◆ **Problem**: Output exactly the lines from the one with "1833 Knutsford Pl Property Photo 5" to the close of the records below, first and last included.
══ Given entries ══
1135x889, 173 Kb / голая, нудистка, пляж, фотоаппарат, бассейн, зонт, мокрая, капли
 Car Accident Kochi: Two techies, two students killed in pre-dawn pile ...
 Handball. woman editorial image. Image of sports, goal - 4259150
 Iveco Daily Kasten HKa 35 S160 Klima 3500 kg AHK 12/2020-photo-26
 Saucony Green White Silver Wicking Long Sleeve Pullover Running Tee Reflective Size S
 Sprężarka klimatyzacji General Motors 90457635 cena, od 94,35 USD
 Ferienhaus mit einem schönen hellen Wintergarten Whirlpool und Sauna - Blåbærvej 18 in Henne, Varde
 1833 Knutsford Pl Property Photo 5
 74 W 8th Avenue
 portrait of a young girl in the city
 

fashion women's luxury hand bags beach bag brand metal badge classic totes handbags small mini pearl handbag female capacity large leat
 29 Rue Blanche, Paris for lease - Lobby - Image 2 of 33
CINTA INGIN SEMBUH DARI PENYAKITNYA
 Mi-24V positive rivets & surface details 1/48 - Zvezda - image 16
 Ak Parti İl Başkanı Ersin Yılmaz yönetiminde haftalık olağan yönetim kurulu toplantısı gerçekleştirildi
═══
◆ **Exercise answer**:
 1833 Knutsford Pl Property Photo 5
 74 W 8th Avenue
 portrait of a young girl in the city
 

fashion women's luxury hand bags beach bag brand metal badge classic totes handbags small mini pearl handbag female capacity large leat
 29 Rue Blanche, Paris for lease - Lobby - Image 2 of 33
CINTA INGIN SEMBUH DARI PENYAKITNYA
 Mi-24V positive rivets & surface details 1/48 - Zvezda - image 16
 Ak Parti İl Başkanı Ersin Yılmaz yönetiminde haftalık olağan yönetim kurulu toplantısı gerçekleştirildi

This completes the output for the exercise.